──────── INPUT FOR THIS TASK ────────
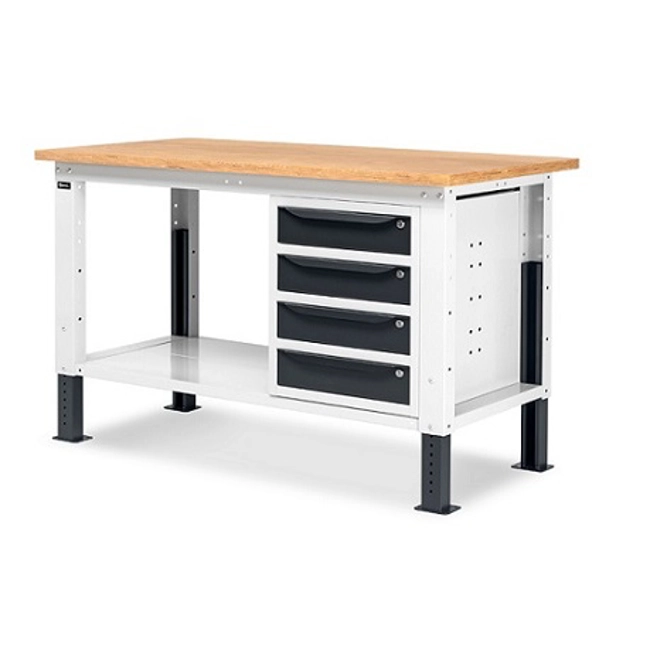 Vendita online Banco Work Up 1503 piano Multiplex mm.1500x750x732/1107H - Grigio RAL7035+RAL7016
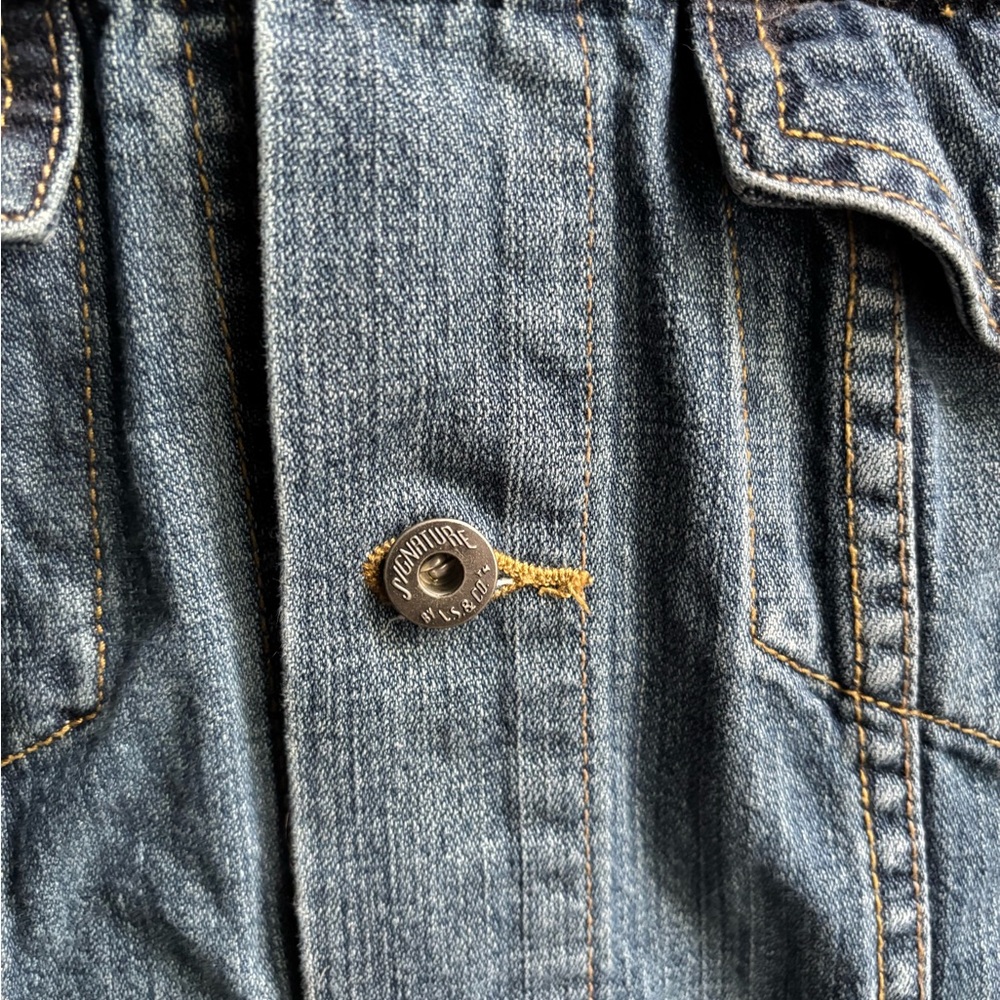 Levi’s Women Jean Jacket Large - Picture 5 of 8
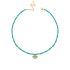 TURQUOISE BEADED EYE NECKLACE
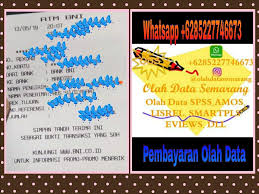 Bukti Pembayaran Klien Kepada Olah Data Semarang Wa 085227746673 Melayani Jasa Olah Data Software Spss Eviews Amos Lisrel Smartpls Memoar Tanda Statistika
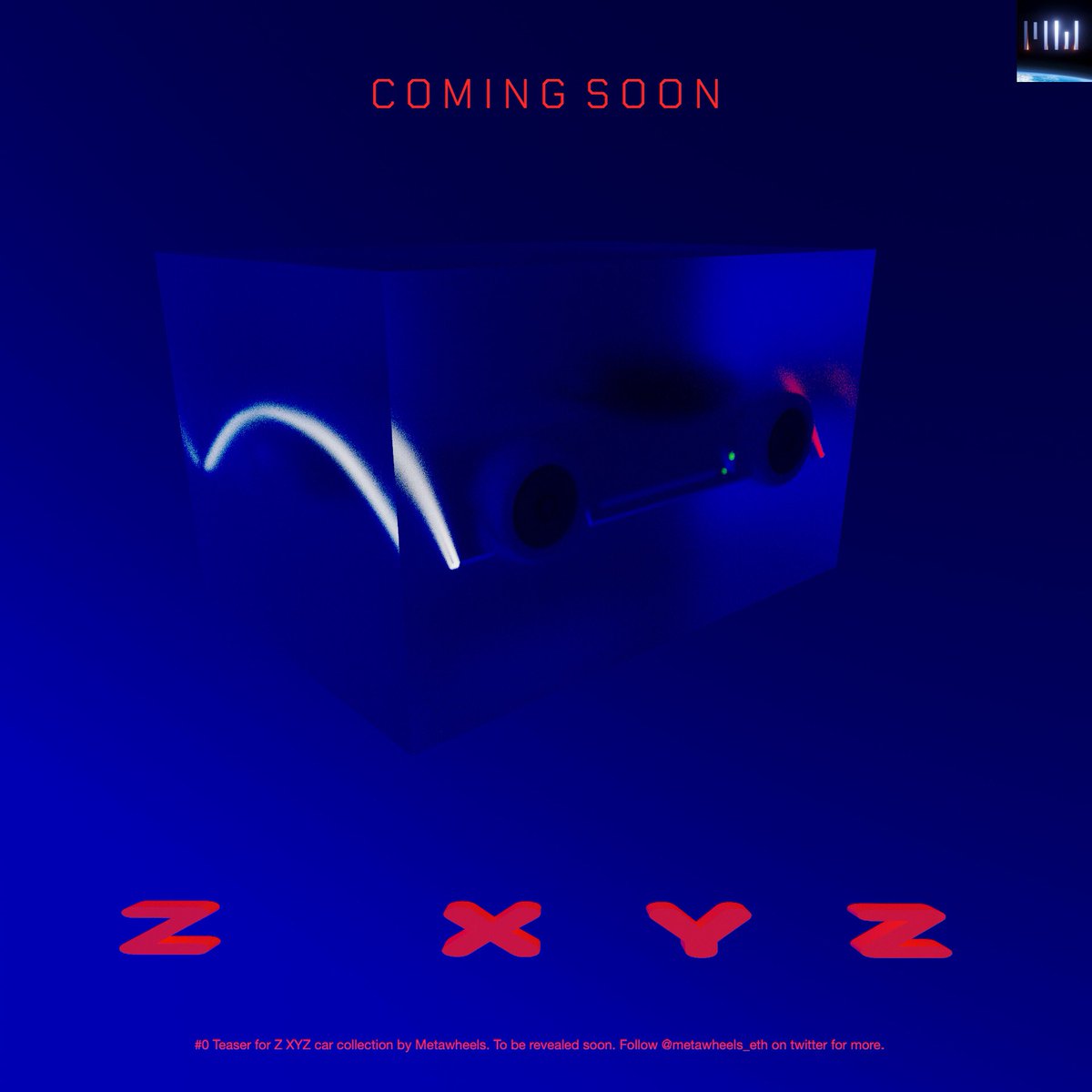 Z___XYZ's tweet photo. 77 unique variants of the Z XYZ car to be revealed soon. All details : TBA. Follow @Z___XYZ to stay updated.  #nftart #NFTCommunity #NFTdrop #nftcollector  #NFTmarketplace #ROADMAP #eth #Ethereum #COMINGSOON #car #CryptocurrencyNews #opensea https://t.co/7Q7OyUT0uk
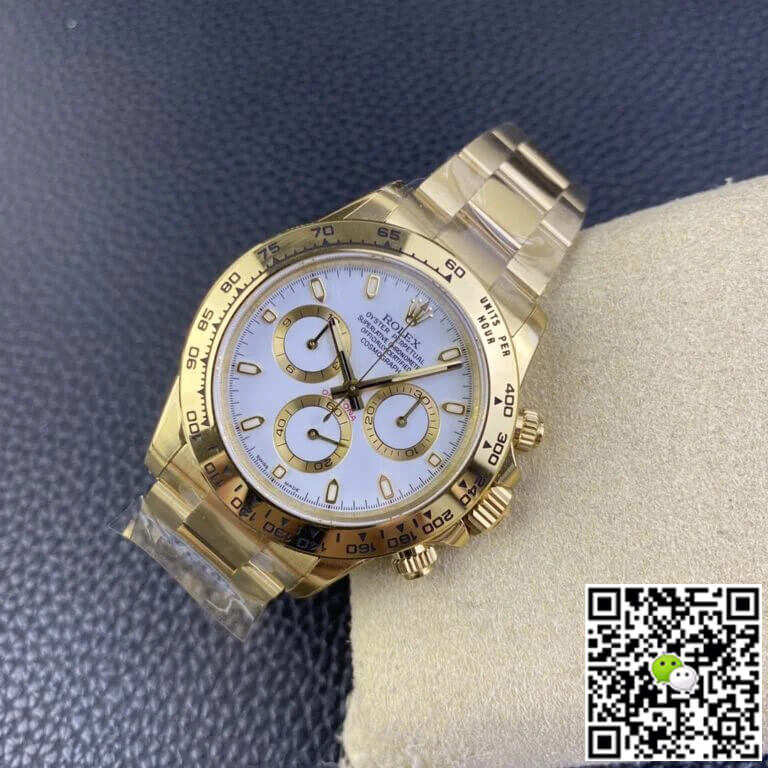Replica R01ex Cosmograph Daytona M116508-0001 1:1 Best Edition Clean Factory Yellow Gold
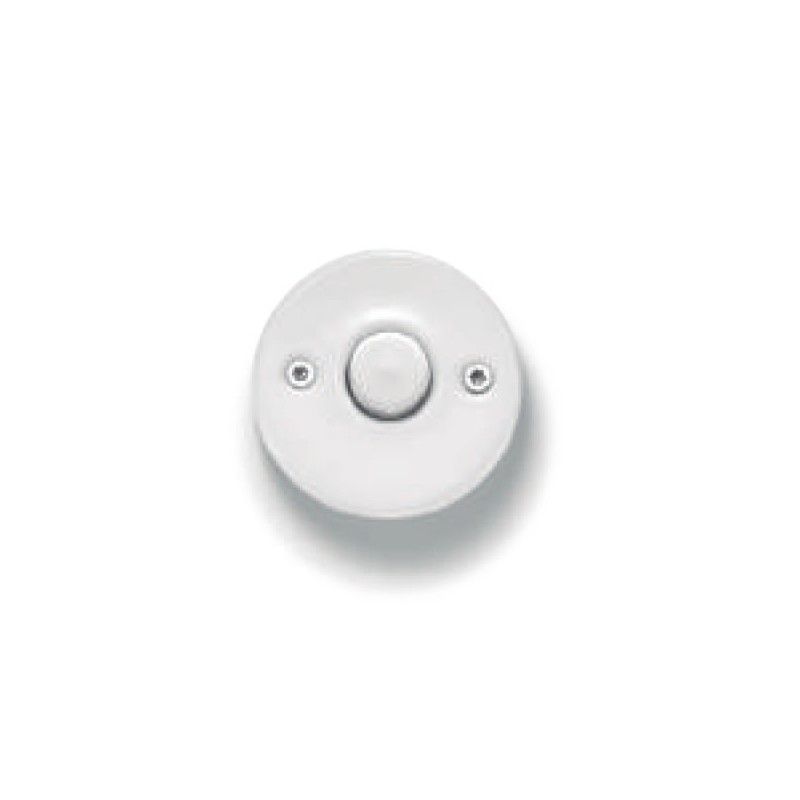 Fontini DO | White button with chrome button 33-310-11-2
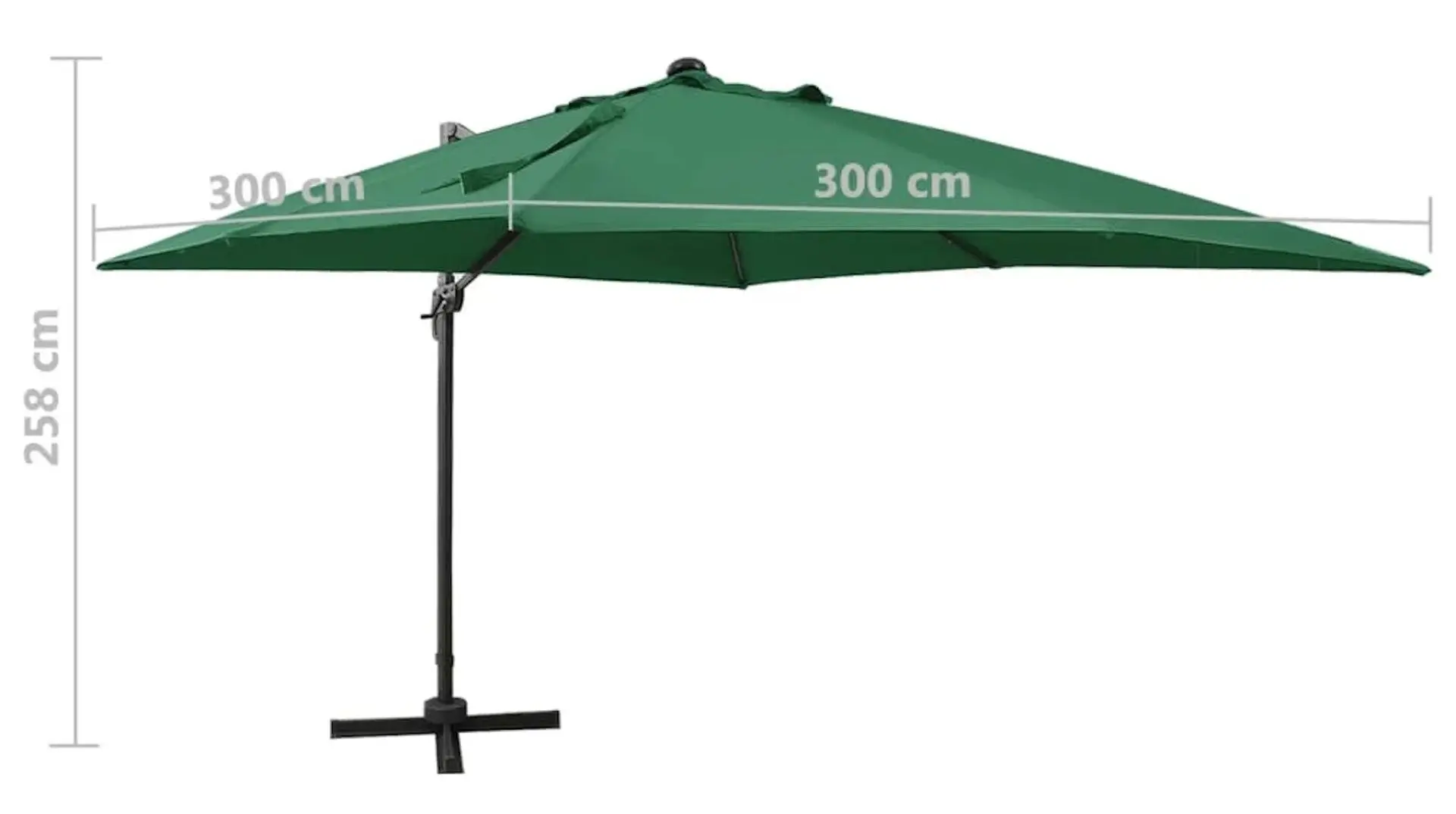 Зонт от солнца VidaXL 312345 (Green)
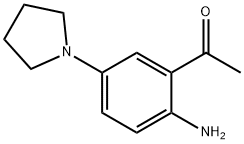 1-[2-AMINO-5-(1-PYRROLIDINYL)PHENYL]-1-ETHANONE Struktur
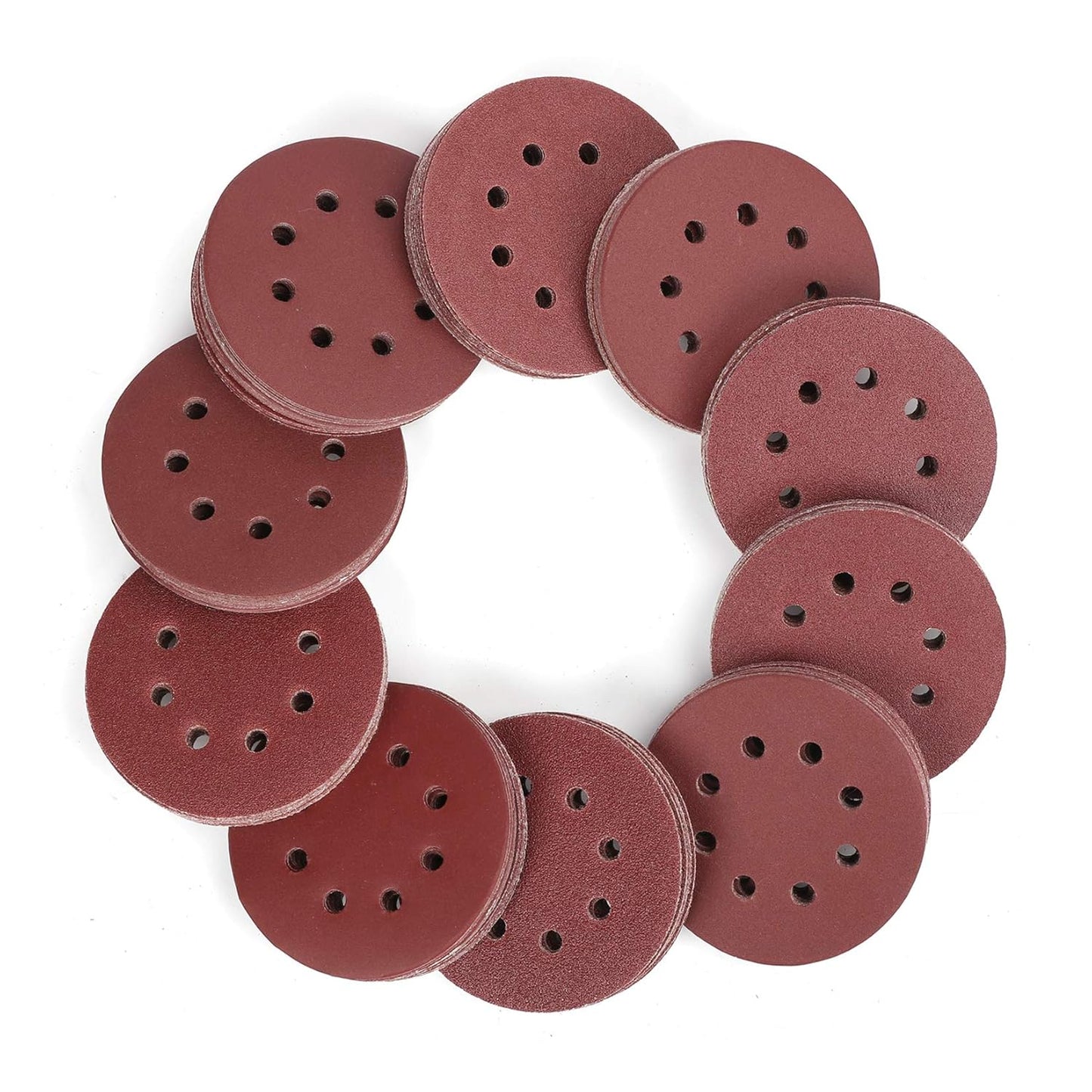 WORKPRO 150-Piece 5" 8-Hole Sanding Disc Set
────────
## [WHAT IS NEEDED]
What you need to produce is an exact copy of the entries above, limited to the lines from the one with "TURQUOISE BEADED EYE NECKLACE" up to and including the one with "1-[2-AMINO-5-(1-PYRROLIDINYL)PHENYL]-1-ETHANONE Struktur", without pictures.

## [ANSWER TO THIS TASK]
 TURQUOISE BEADED EYE NECKLACE
 Bukti Pembayaran Klien Kepada Olah Data Semarang Wa 085227746673 Melayani Jasa Olah Data Software Spss Eviews Amos Lisrel Smartpls Memoar Tanda Statistika
 Z___XYZ's tweet photo. 77 unique variants of the Z XYZ car to be revealed soon. All details : TBA. Follow @Z___XYZ to stay updated.  #nftart #NFTCommunity #NFTdrop #nftcollector  #NFTmarketplace #ROADMAP #eth #Ethereum #COMINGSOON #car #CryptocurrencyNews #opensea https://t.co/7Q7OyUT0uk
Replica R01ex Cosmograph Daytona M116508-0001 1:1 Best Edition Clean Factory Yellow Gold
 Fontini DO | White button with chrome button 33-310-11-2
 Зонт от солнца VidaXL 312345 (Green)
 1-[2-AMINO-5-(1-PYRROLIDINYL)PHENYL]-1-ETHANONE Struktur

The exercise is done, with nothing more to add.